Item 1 on my list: Maggie's teeth. Dear Tooth Nubs: Whatever it is that you are doing in there that is making my beloved daughter bite me and keep me up all night, it is important that you stop doing it immediately. Thank you.
Item 2: I found four grey hairs on my head the other day. Dear grey hairs: cease and desist reproducing right now. I am unamused.
Item 3: When I bemoaned the aforementioned grey hairs to Ian, he icily informed me that some people would feel really lucky if they were still growing hair of any color, and that perhaps I should take my luxuriously full-maned self elsewhere with my complaints. And that was the most sympathy I got out of him on that subject.

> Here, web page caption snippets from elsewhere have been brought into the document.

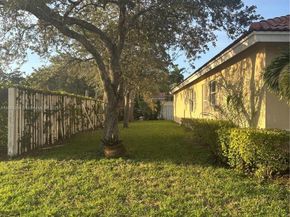18581 NW 23rd St, Pembroke Pines FL 33029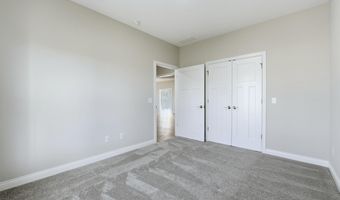 2002 Bogey Ct, Auburn, IN 46706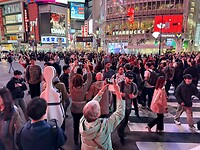 28 oktober - Tokyo - en zo is het plein vol met overstekende wandelaars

Item 4: My mother chirpily commented that she has only just now begun to go grey. Arguably even less helpful than Ian. Which is why I am talking to you, Blog.
Item 5: I ordered a dress online, and received the wrong item from the company. This wouldn't be the end of the world, except that the item I received was a pair of jeans with MULTI-COLORED RHINESTONES affixed to the back pockets. I am sad a) that such jeans exist in the world, b) that I am, however briefly, the owner of such a fashion aberration, and c) that when I alerted the company to their error, they offered me a five dollar coupon by way of apology. As if five dollars is enough to compensate for my lost innocence.
Item 6: Max has decided that his stuffed bear is a baby. This is adorable in theory. Rather than care for the bear baby himself, however, Max keeps me continually informed of it's needs (which are considerable), and then demands that I care for it. That hairy little bear baby poops and cries nonstop, and seems quite neurotic, to boot.